### [SOURCE DATA]
# # #

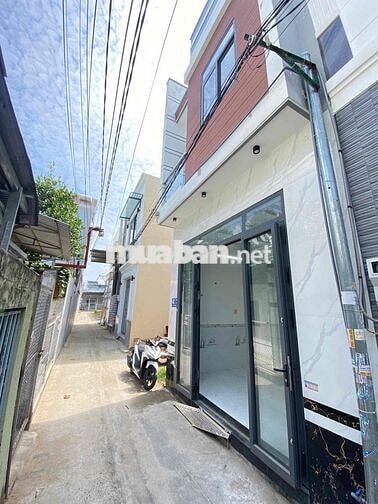 BÁN NHÀ HẺM 195 ĐƯỜNG 3/2 THÔNG HẺM 482 GẦN NGÃ TƯ NGUYỄN VĂN LINH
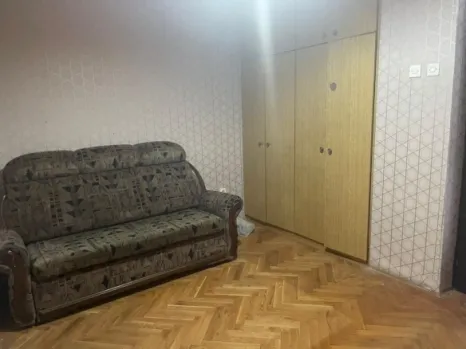 Kuća 280 m² na placu od 1900 m² sa garažom i baštom – Farmaci, Podgorica
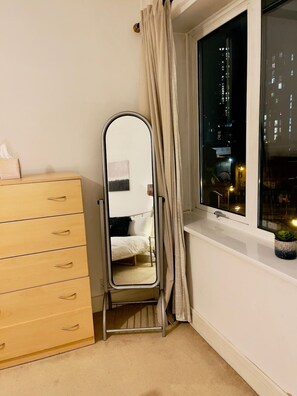 Interior - Stylish Central Huge Living Space (Greater Manchester)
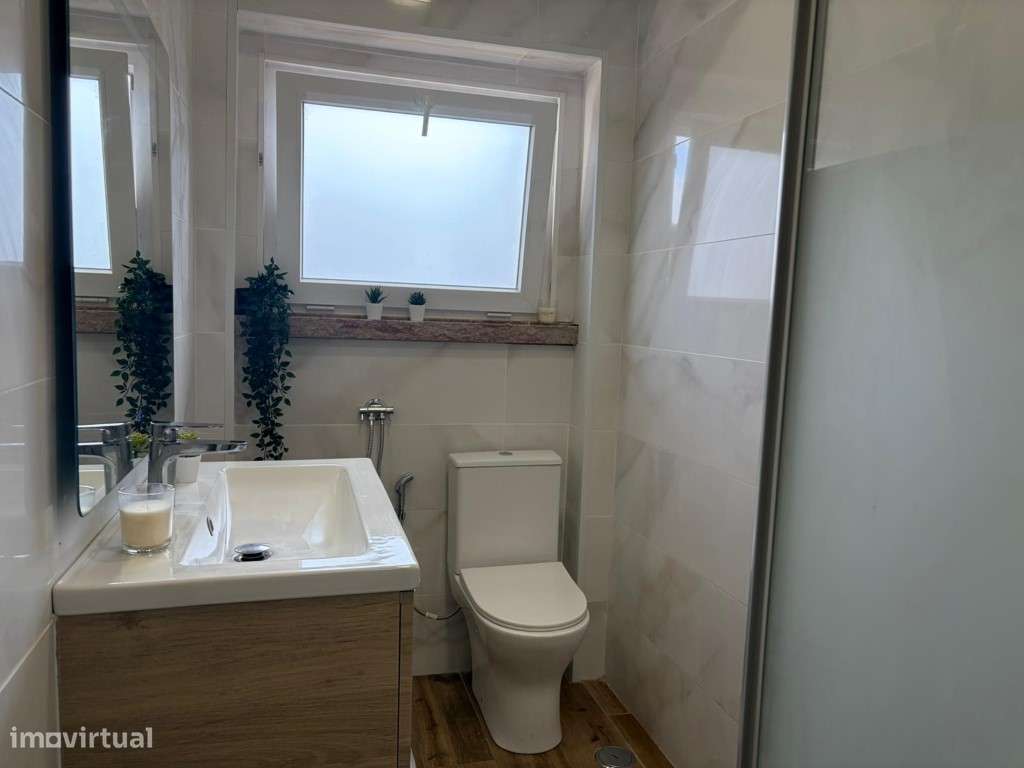 Apartamento T2, Renovado, junto a Vila Chã/Amadora: Oportunidade Ún...-10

# # #

### [WORK ITEM]
Repeat only the lines from the one with "Kuća 280 m²" through the end of the data, both included and exactly as written. Pictures stay out of the copy.

### [WRITTEN ANSWER]
 Kuća 280 m² na placu od 1900 m² sa garažom i baštom – Farmaci, Podgorica
 Interior - Stylish Central Huge Living Space (Greater Manchester)
 Apartamento T2, Renovado, junto a Vila Chã/Amadora: Oportunidade Ún...-10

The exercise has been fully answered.